Qu’en est-il de la valeur ajoutée que l’IA pourrait apporter à l’administration ?
L’IA peut effectivement améliorer la gestion des flux et renforcer la sécurité, mais au-delà de ces aspects, son adoption dans l’administration publique permettrait une plus grande transparence. Prenons l’exemple des appels d’offres publics. Une plateforme basée sur la blockchain pourrait non seulement accroître la transparence et l’efficacité, mais faciliter l’accès des entreprises aux marchés publics.

Quels sont, d’après vous, les principaux freins au développement de l’innovation digitale au Maroc ?
Le rythme d’exécution demeure le principal frein. Cela fait plus de deux décennies que la modernisation numérique est à l’agenda, mais les progrès concrets sont insuffisants pour répondre aux défis actuels. Les administrations, par exemple, peinent à intégrer pleinement les technologies, ce qui ralentit l’optimisation des relations entre l’entreprise et l’État, ou entre l’entreprise et ses clients. Aujourd’hui des pays comme l’Arabie Saoudite ou les Émirats Arabes Unis, qui ont commencé après nous, nous ont désormais largement dépassés.

L’intelligence artificielle, de par sa complexité, requiert une immense puissance de calcul. Comment concilier cela avec les enjeux environnementaux ?
C’est l’un des paradoxes de l’IA. Elle est extrêmement gourmande en énergie. Certes, nous pouvons imaginer des centres de données «verts», mais l’IA consomme énormément de ressources. Le problème se pose également en matière d’utilité. Une large partie des contenus traités par l’IA, notamment sur les réseaux sociaux, n’apporte pas de valeur ajoutée. D’où la nécessité de remettre en question l’utilité de l’IA dans certains secteurs, où son déploiement pourrait s’avérer plus coûteux que bénéfique, notamment pour des usages triviaux.

La nouvelle feuille de route digitale 2030 est-elle suffisamment ambitieuse pour soutenir cette transformation ?
Elle présente quelques pistes intéressantes, notamment en matière d’inversion de la courbe du chômage, en particulier dans les milieux défavorisés et parmi les jeunes. Cependant, l’enjeu crucial reste la création de valeur. Si nous nous contentons d’externaliser des tâches simples, nous ne ferons que renforcer une économie de services à faible valeur ajoutée. Pour véritablement innover, nous devons encourager le développement de projets complexes, créateurs d’emplois qualifiés.
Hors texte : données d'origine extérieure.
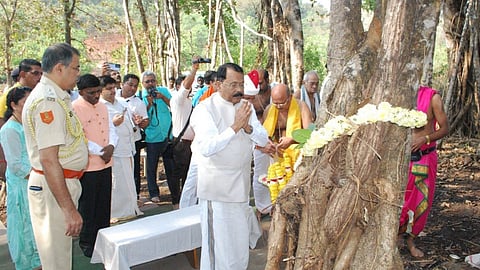 Goa News|Environment
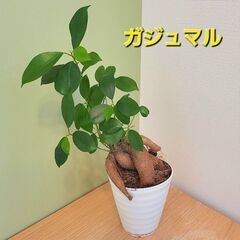 ガジュマル 多幸の木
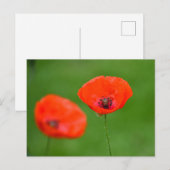 Blume Postkarte (Vorne/Hinten)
Quelle sera la prochaine évolution majeure des modèles de langage (LLM) ?
L’évolution des modèles de langage repose désormais sur leur capacité à dépasser le stade de simples générateurs de texte pour devenir de véritables systèmes de raisonnement. Actuellement, les LLM se distinguent par leur rapidité d’exécution et leur aptitude à traiter d’immenses volumes de données, mais ils demeurent incapables de raisonner au sens propre.
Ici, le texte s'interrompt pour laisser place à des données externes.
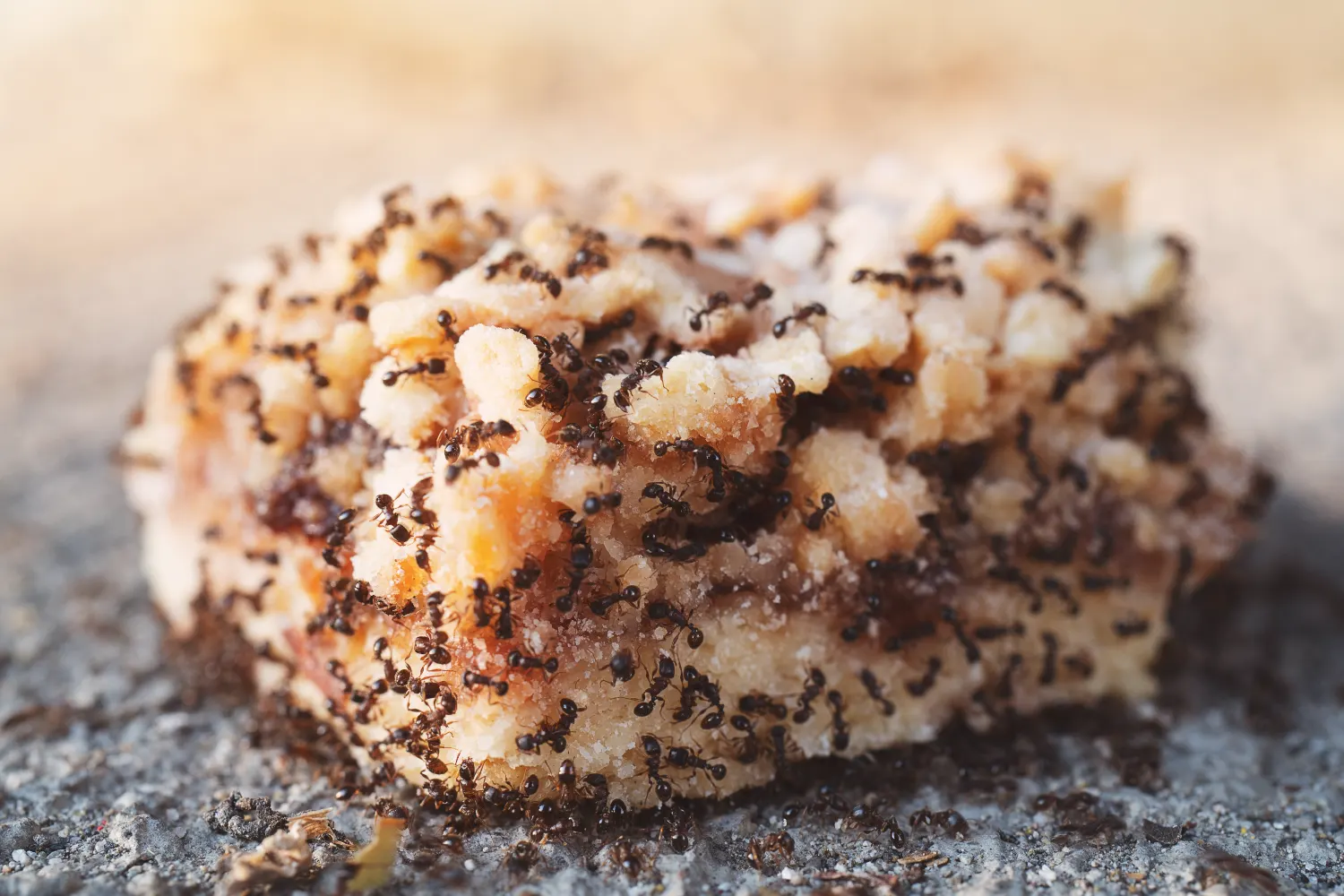 Ants on food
La prochaine avancée résidera dans le développement de modèles capables de produire des raisonnements similaires à ceux des humains, en intégrant des dimensions contextuelles et émotionnelles plus complexes. Pour l’heure, l’IA, bien qu’extrêmement performante dans le traitement de l’information, n’est pas encore en mesure de prendre des décisions fondées sur une réflexion autonome.
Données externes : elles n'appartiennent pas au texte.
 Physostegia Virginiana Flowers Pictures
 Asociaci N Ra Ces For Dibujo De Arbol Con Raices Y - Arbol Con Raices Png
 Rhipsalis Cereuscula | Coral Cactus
Comment le Maroc peut-il maximiser la valeur ajoutée du digital export ?
Pour maximiser la valeur du digital export, le Maroc doit impérativement aller au-delà de l’externalisation de services à faible valeur ajoutée. À ce jour, nombre d’activités se limitent à des tâches répétitives et peu qualifiées.

Le véritable enjeu réside dans la production de solutions numériques innovantes et compétitives à l’échelle mondiale. Cela exige des investissements en recherche et développement, la formation d’ingénieurs hautement qualifiés, ainsi que la promotion de l’innovation dans des secteurs à forte valeur. Plutôt que de rester enfermé dans une logique de services low-cost destinés à l’export, le Maroc a intérêt à innover en vue d’être compétitif à l’échelle internationale.